He smoothes his goatee and moustache and hams up his Southern drawl. And there is nothing redeemable about him, unlike his character in Shutter Island (2010) where (wee spoiler) an apparently nice man had a more disturbing side to his character. His evil side is made more horrific and unsettling as the film continues.
He taunts the pair on learning of their true intentions in a macabre scene. In this act, filled with sadistic, taunting malice he sets to put the pair in their place. Later Candie’s sparring verbal scenes with Schultz, then frighteningly foreboding.
The film soundtrack is fantastic with the lyrics often giving you a wee narration to the story. The scenes are set up well, using many a backdrop familiar to this genre. The story is at its heart a love story, with a subtle Tarantino twist in contrast to From Dusk til Dawn (1996). I did cry after the introduction of Broomhilda as a character and throughout her and Django’s love story. And as Django’s Siegfried fought the Candie as the dragon, I hoped for a happy ending.

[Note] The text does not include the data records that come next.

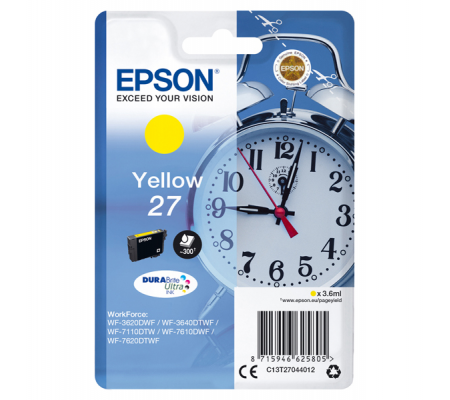 Cartuccia originale inchiostro - giallo - Epson 27 - 3,6 ml - Epson - C13T27044012 - 8715946625805 - DMwebShop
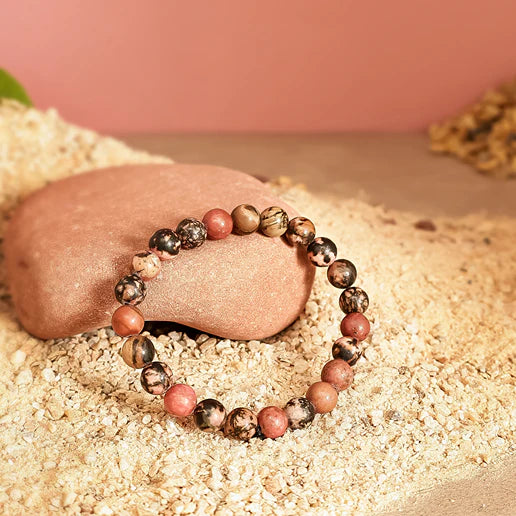 Rhodonite Stone Bracelet Creative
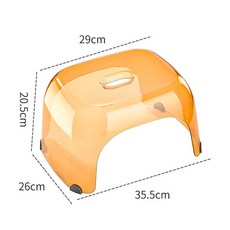 투명 스텝 스툴 침실 사다리 휴대용 실내 3단 모던한 체어 교체 블랙 캠핑 절약형 이동식, 애마린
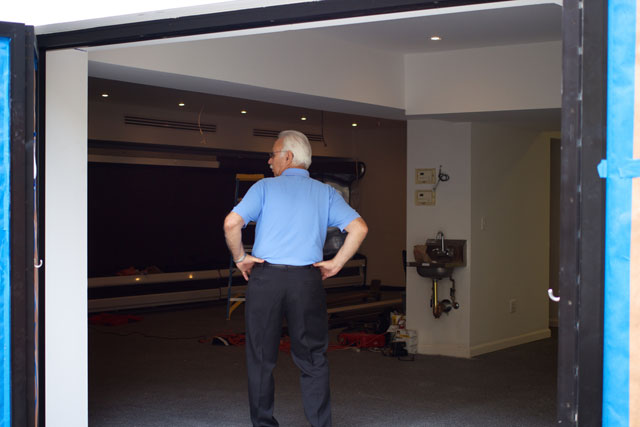 The interior of the incoming Urban Market in September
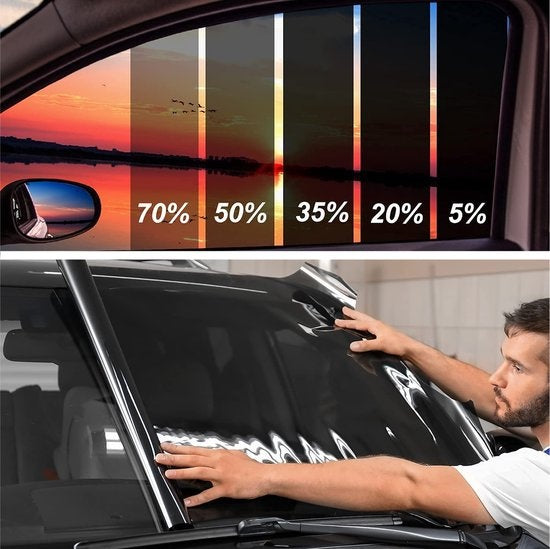 Homewell Auto Raamfolie HR++ 75x300 - Tint Folie | Zonwerende Auto Folie - Verduisterend 20%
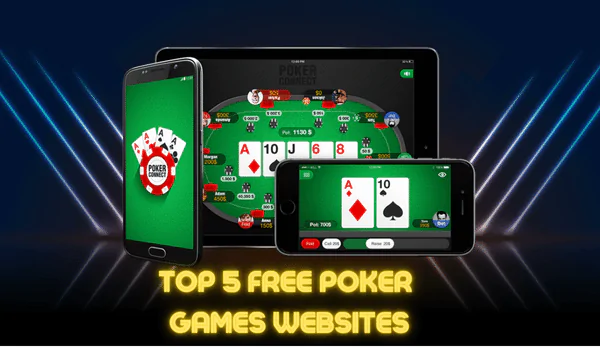Free Poker Games Top 5 Best Websites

The ending, all I’ll say is that it did get me in tears. This is the only time I’ve cried at a Tarantino movie. In his odious role, I saw my loyalties to my much favoured DiCaprio turn on their head. As in this reel change in roles, he really was surprisingly effective, so thank you for this acting revelation, Mr DiCaprio. Finally, in a quote by Candie himself on my watching this on reading this particular casting and role,
“You had my curiosity but now you have my attention.”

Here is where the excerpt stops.